Sunday, February 19, 2006

1942: WAR ON TERROR

Today marks the anniversary of Executive Order 9066, which set about events that placed 120,000 persons of Japanese ancestry, including American Citizens, into "relocation camps". Included were my grandparents, uncle and bun-in-the-oven father, as well as other relatives. Some of my relatives were in the camps, while their husbands & fathers were in the U.S. Military fighting in WWII defending the very freedoms that were being taken away back home. Let us never forget and teach new generations of this terrible time in US History, to avoid similar acts happening in the Future.Following the Japanese attack on Pearl Harbor, on Feb 19, 1942, President Franklin D. Roosevelt issued Executive Order 9066, which permitted the military to circumvent the constitutional safeguards of American citizens in the name of national defense.
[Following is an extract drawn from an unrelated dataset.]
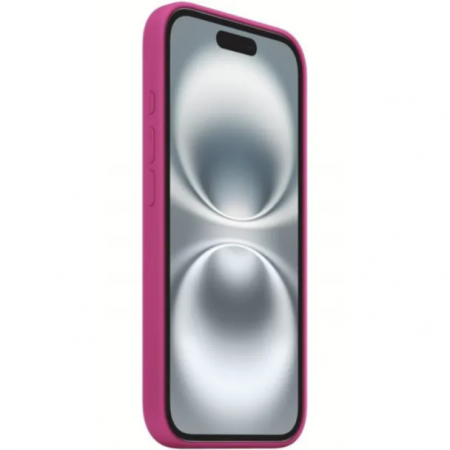 Чехол Apple Silicone Case (MYYN3ZM/A) для Apple iPhone 16 Pro фуксия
The order set into motion the exclusion from certain areas, and the evacuation and mass incarceration of 120,000 persons of Japanese ancestry living on the West Coast, most of whom were U.S. citizens or legal permanent resident aliens.

These Japanese Americans, half of whom were children, were incarcerated for up to 4 years, without due process of law or any factual basis, in bleak, remote camps, surrounded by barbed wire and armed guards.
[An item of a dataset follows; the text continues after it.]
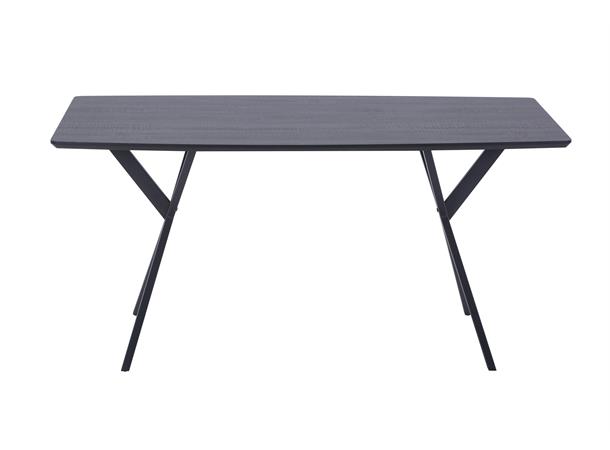 Kurt spisebord 160x90 cm, sort papirfolie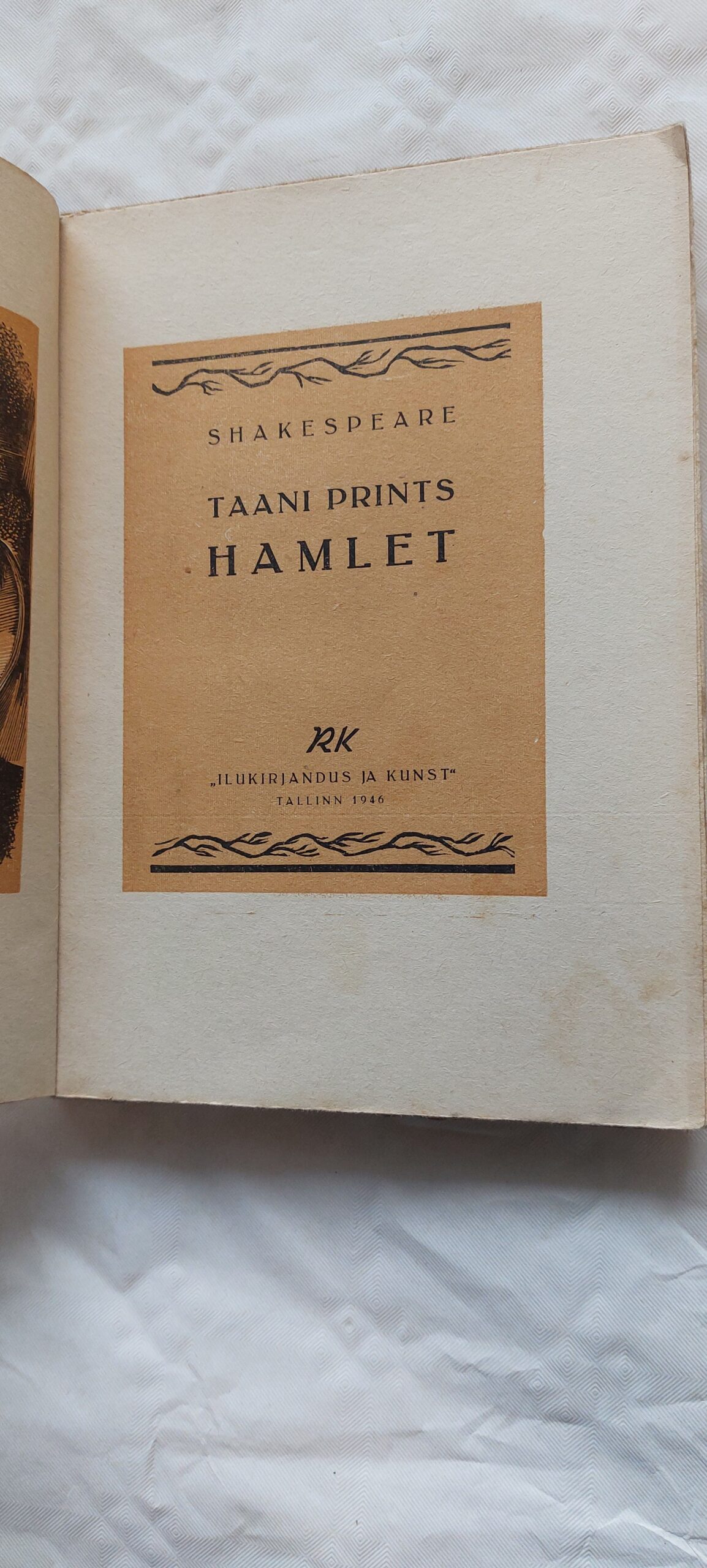 Taani prints Hamlet. Shakespeare. 1946 - Image 3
They were forced to evacuate their homes and leave their jobs; in some cases family members were separated and put into different camps. President Roosevelt himself called the 10 facilities "concentration camps."

Some Japanese Americans died in the camps due to inadequate medical care and the emotional stresses they encountered. Several were killed by military guards posted for allegedly resisting orders.
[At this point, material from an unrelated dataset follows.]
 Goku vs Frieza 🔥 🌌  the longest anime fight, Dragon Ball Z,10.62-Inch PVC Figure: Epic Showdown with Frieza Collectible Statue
At the time, Executive Order 9066 was justified as a "military necessity" to protect against domestic espionage and sabotage. However, it was later documented that "our government had in its possession proof that not one Japanese American, citizen or not, had engaged in espionage, not one had committed any act of sabotage." (Michi Weglyn, 1976).

Learn more here.

2 comments:

spaceJASE said...

Things like this are an embarrassment for the US. I've heard people say they thought the government did it to protect the Japanese Americans from the inevitable persecution they would have suffered from the general public. Seems like blatant racism to me - they didn't lock up all the German Americans did they!?!?

It's good to remember these mistakes - "Those who forget history are doomed to repeat it."

With the recent fanaticism on terror, I'm surprised the Bush cronies haven't set up "concentration camps" for Muslims... oh wait, I forgot Guantanamo Bay. Maybe that doesn't count because it's on foreign communist soil? (sarcasm there, folks)

Anonymous said...

U.N. say GITMO gotta go!
Then there is the case of my buddy's mother-inlaw. Maris Terada was a little girl on an Hawian island the day of Pearl Harbor. Her father was at sea fishing trying to make a living, The US forces killed the other 4 guys on board he was injured and recovered... Maris says the FBI watched the Japanese while the war went on....not a state yet...no internment... Maris would like reperations just the same...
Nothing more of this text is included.